More important, Sharma should ask whether it is necessary to put in place the next five-year policy immediately. The Foreign Trade Policy (2004-09), which was to expire in March 2009, has been extended due to the elections. The uncertainty about how long the developed countries will take to come out of recession is so high that looking ahead for five years would only mean making wild guesses. A policy to ride out the remaining eight months of the current fiscal year would be more appropriate.
The chief merit of an ad hoc policy for eight months would be that Sharma can get enough time to meet more exporters and understand their problems, meet more trading partners and understand their perspectives, and get a better feel of the way the export promotion schemes and the way various offices of Director General of Foreign Trade work. He can reconstitute the now defunct Board of Trade and seek advice from experienced representatives of exporters rather than depend only on his ministry officials.

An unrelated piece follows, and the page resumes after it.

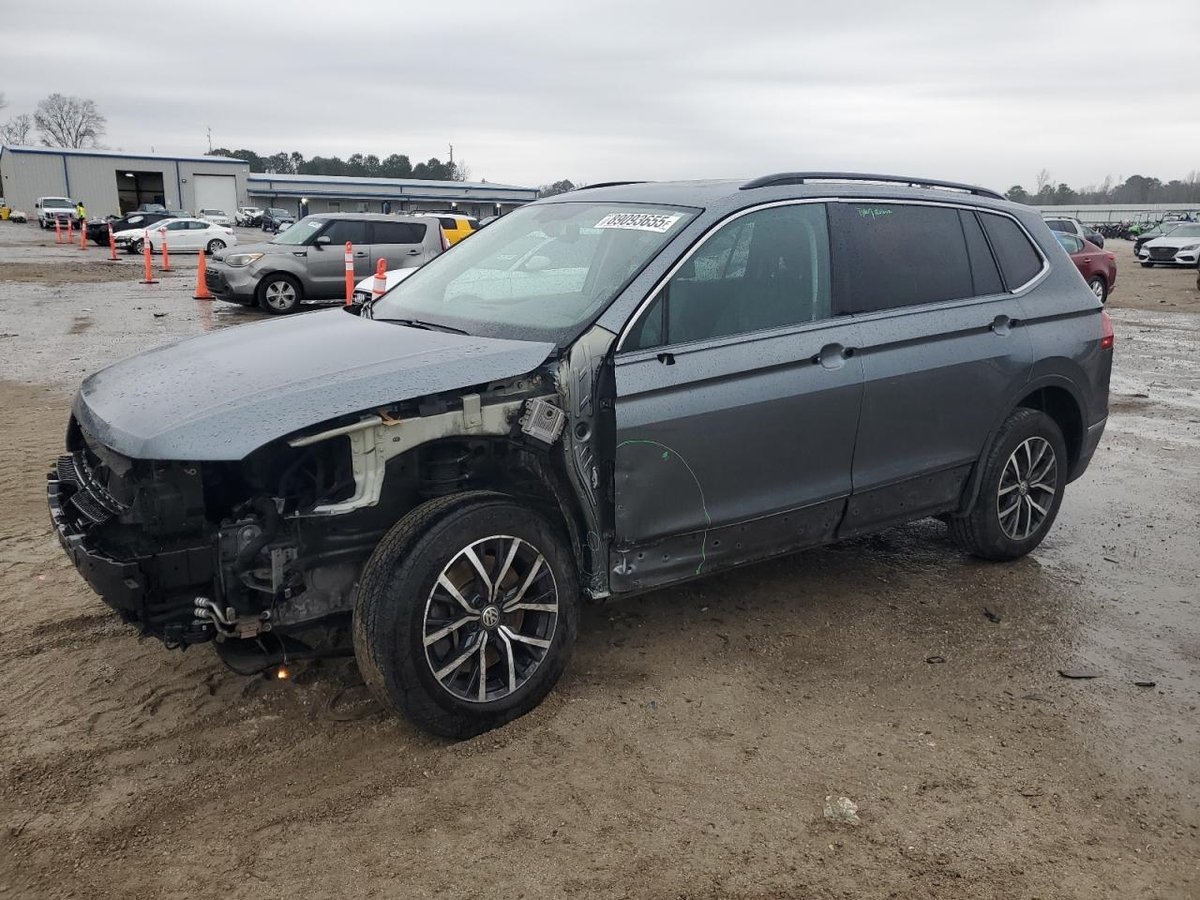 VOLKSWAGEN  TIGUAN , 2020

Sharma need not fear criticism for opting for a short-term policy because there is no shame in admitting that you need more time to frame a long-term policy due to uncertain times. That would be better than rushing headlong for a long-term policy that will have to undergo major changes by next year. Even otherwise, there are many temporary measures already in place. The Duty Entitlement Passbook Scheme is on till December 2009 only. The interest subvention scheme and enhanced risk coverage of Export Credit Guarantee Corporation are only till March 2010. The income-tax concession for export oriented units is only for one more year — till March 2011.
Some initiatives, such as bringing down the duty to zero under the Export Promotion Capital Goods (EPCG) scheme, can be taken immediately. That will encourage modernistion by exporters. The Advance Authorisation and Duty Free Import Authorisation scheme can be merged and simplified. That can help reduce transaction costs. Many misuses, especially under deemed exports schemes and value-based reward/remission schemes, can be curbed. Paperwork can be cut significantly and procedures simplified to help exporters concentrate more on selling their products. Such measures need not wait for a long-term policy.